Query Rewrite is a feature that allows Oracle to rewrite queries against materialized views, which can improve query performance. This works by rewriting the original query into one or more equivalent queries that use the materialized view instead of the base tables. The rewritten query will then be executed and the results returned to the user.
Result Cache is another advanced Oracle feature that can help improve query performance when using materialized views. Result Cache stores the result set of a query in memory so that subsequent executions of the same query do not need to access the underlying data sources. This can significantly reduce response times for frequently used queries.
The In-Memory Column Store (IMCS) is an Oracle Database 12c feature that enables faster analytics on large datasets. IMCS stores columnar data in memory, allowing for faster retrieval and analysis of data. When combined with materialized views, this can provide significant performance improvements for analytical queries.
ADO is a feature that allows Oracle to automatically refresh materialized views based on the data usage patterns of the underlying tables. This helps ensure that the most up-to-date data is available for queries, while also reducing the amount of time and resources needed to manually refresh the view.

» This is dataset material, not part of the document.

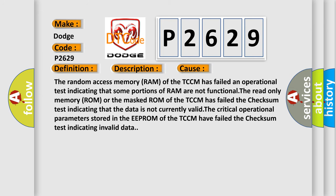The random access memory RAM of the TCCM has failed an operational test indicating that some portions of RAM are not functional. The read-only memory ROM or the masked ROM of the TCCM has failed the checksum test indicating that the data is not currently valid. The critical operational parameters stored in the EEPROM of the TCCM have failed the checksum test indicating invalid data.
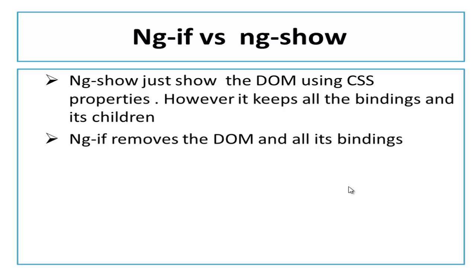Both ng-show and ng-if as of now doing the same thing. What is the difference between ng-if and ng-show? If you talk about ng-show, it shows the DOM using CSS property. But behind the scene when you check it in the DOM, the element is still there.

ADO works by monitoring the access frequency of the underlying table data and then refreshing the materialized view when it detects changes in the data usage pattern. For example, if there are frequent updates to the underlying table data, ADO will detect this and trigger an automatic refresh of the materialized view. This ensures that the latest version of the data is always available for querying. Additionally, ADO can be configured to use different refresh strategies depending on the type of query being executed. This allows for more efficient refreshes, as only the necessary data is refreshed instead of the entire view.

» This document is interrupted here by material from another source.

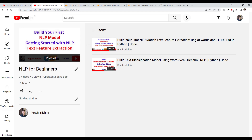Hi everyone, welcome to my channel. This is the third video of our NLP for beginners playlist. In the first video we saw how to build your first NLP model, and we primarily looked at two techniques to extract text features from our data — comments we wanted to classify as toxic or not. The first was the bag of words technique using count vectorizer, and the second was the TF-IDF technique.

Database Vault is a security feature that provides an extra layer of protection for the data stored in Oracle databases. It helps to prevent unauthorized access and manipulation of sensitive data by enforcing fine-grained access control policies, as well as providing real-time monitoring and auditing capabilities. Database Vault also offers additional features such as encryption, masking, and redaction of sensitive data.
When using Oracle Materialized Views, it is important to take advantage of these security options provided by Database Vault. This will help ensure that only authorized users can access the materialized view data, and that any changes made to the data are tracked and monitored. Additionally, Database Vault’s encryption, masking, and redaction features can be used to protect sensitive data from being exposed or manipulated. By taking advantage of these security options, organizations can ensure that their data remains secure and protected.

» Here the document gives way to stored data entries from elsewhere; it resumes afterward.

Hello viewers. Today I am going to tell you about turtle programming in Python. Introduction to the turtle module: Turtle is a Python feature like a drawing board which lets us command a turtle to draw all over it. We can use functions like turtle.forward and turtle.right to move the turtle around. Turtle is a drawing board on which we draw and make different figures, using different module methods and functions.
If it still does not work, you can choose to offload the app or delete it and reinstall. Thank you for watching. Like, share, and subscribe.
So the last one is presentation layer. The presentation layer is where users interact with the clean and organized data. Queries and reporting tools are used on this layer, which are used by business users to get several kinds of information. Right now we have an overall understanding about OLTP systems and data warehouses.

Partitioning is a technique used to divide large tables into smaller, more manageable pieces. This can be done by splitting the table into multiple physical partitions based on certain criteria such as date range or geographic region. By partitioning the data in this way, it becomes easier to manage and query the data since only the relevant partitions need to be accessed. Additionally, when performing maintenance operations such as index rebuilds or refreshes, only the affected partitions need to be processed instead of the entire table. This reduces the amount of time required for these operations and improves overall performance. Furthermore, Oracle Materialized Views are able to take advantage of partition pruning which further optimizes access times by eliminating unnecessary partitions from the query plan.